[TO DO]
Copy out all lines bearing the word "Living" from the listing below.

[DATA RECORDS]
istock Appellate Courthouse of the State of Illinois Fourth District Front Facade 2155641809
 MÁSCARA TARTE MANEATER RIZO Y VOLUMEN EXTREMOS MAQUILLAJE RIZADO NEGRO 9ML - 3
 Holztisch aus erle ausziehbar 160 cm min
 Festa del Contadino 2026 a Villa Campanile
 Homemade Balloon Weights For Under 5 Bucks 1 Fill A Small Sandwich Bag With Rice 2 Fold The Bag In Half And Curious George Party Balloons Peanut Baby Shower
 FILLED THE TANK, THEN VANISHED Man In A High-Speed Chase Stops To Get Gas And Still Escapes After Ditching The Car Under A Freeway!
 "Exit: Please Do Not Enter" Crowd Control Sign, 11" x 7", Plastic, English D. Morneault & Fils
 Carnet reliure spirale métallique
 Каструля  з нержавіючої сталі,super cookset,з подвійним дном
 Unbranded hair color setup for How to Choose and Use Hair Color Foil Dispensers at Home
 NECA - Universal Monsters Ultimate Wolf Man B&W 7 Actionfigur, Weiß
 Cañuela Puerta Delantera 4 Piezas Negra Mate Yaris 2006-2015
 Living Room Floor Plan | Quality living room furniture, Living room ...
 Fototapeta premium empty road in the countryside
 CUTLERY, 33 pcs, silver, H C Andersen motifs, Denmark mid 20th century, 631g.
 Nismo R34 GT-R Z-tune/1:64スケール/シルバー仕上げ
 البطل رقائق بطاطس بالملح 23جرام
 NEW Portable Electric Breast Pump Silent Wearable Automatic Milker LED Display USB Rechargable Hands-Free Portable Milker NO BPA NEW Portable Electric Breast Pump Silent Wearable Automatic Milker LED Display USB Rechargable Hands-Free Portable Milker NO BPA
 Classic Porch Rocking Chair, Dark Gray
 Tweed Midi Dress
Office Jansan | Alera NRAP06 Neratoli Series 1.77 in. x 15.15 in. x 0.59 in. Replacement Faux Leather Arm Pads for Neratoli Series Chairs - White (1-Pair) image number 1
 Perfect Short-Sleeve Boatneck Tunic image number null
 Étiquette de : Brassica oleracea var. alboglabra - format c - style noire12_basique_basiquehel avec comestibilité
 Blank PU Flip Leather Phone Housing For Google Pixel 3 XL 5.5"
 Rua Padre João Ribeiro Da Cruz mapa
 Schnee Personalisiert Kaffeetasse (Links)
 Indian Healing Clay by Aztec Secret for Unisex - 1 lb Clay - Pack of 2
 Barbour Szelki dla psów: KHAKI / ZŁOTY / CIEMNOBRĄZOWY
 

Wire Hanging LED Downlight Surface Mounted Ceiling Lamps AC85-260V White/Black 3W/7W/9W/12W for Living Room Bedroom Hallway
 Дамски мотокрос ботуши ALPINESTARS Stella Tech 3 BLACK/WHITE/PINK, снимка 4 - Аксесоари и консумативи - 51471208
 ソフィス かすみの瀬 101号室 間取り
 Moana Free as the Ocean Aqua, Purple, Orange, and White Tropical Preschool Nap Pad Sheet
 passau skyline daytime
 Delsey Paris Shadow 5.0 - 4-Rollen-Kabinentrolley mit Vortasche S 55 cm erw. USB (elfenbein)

[WORKED SOLUTION]
 Living Room Floor Plan | Quality living room furniture, Living room ...
Wire Hanging LED Downlight Surface Mounted Ceiling Lamps AC85-260V White/Black 3W/7W/9W/12W for Living Room Bedroom Hallway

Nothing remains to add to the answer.